I was stunned when I heard the news that 22-year-old graduate student Xin Yang was decapitated with an 8" kitchen knife by a fellow Chinese doctoral student in a campus cafe at Virginia Tech two days ago. This after another horrific crime this summer in Canada that you may not have heard about: On July 31st, Tim McLean--also 22 years old--was heading home to Winnipeg when a 40-year-old Chinese immigrant from Alberta suddenly began stabbing him more than 40 times in the chest with a large hunting knife. The other passengers ran screaming off the bus as the attacker cut off the victim's head and held it up. Yang was acquainted with her attacker, though his actions were unprovoked; McLean's killing was random.
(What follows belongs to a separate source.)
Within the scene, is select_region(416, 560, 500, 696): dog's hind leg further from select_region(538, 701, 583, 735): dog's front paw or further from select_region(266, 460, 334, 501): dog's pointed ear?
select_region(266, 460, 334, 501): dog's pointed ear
I am not familiar with Chinese cultural attitudes toward decapitation, but China has a long history of execution by beheading, as the images on this site [caution] show.
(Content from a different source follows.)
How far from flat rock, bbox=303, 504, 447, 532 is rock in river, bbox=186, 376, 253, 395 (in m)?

I also remembered at least one instance of suicide by decapitation recently, and found three. In August 2008, British businessman Gerald Mellin, age 54, angry at his wife for leaving him, tied one end of a rope to a tree and the other end around his neck, then drove into traffic in his Aston Martin. The month before, another Englishman David Phyall, 58, had removed his own head with a chainsaw because he was distraught at being evicted from his flat; the result is here [caution]. And in April, 41-year-old Michigan man Steve Gregory Walther cut off his head with a chainsaw in his ex-wife's driveway after attempting unsuccessfully to reconcile with her. His suicide was not immediately achieved, but he died in the hospital [caution].
I have identified the victims in these crimes, and the suicides, but it is my general policy not to name killers on this blog. I think giving them name- and face-recognition in the media is the sort of fame (or infamy) that potential murderers crave when they carry out a massacre and that avoiding this attention would help in small part to reduce this incentive.